DATASET RECORDS ▸
• • • • • • •

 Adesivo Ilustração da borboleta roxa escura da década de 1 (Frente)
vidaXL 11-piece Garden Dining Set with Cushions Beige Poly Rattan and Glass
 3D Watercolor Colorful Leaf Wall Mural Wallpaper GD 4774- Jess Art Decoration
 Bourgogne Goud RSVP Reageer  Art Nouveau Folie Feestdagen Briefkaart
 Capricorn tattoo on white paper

• • • • • • •

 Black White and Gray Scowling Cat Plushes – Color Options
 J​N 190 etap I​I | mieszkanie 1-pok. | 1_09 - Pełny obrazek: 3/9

• • • • • • •

TASK INSTRUCTIONS ▸ Copy out the lines above exactly, beginning at the one that contains "vidaXL 11-piece Garden" and ending at the one that contains "Capricorn tattoo on white paper".

ANSWER SECTION ▸
vidaXL 11-piece Garden Dining Set with Cushions Beige Poly Rattan and Glass
 3D Watercolor Colorful Leaf Wall Mural Wallpaper GD 4774- Jess Art Decoration
 Bourgogne Goud RSVP Reageer  Art Nouveau Folie Feestdagen Briefkaart
 Capricorn tattoo on white paper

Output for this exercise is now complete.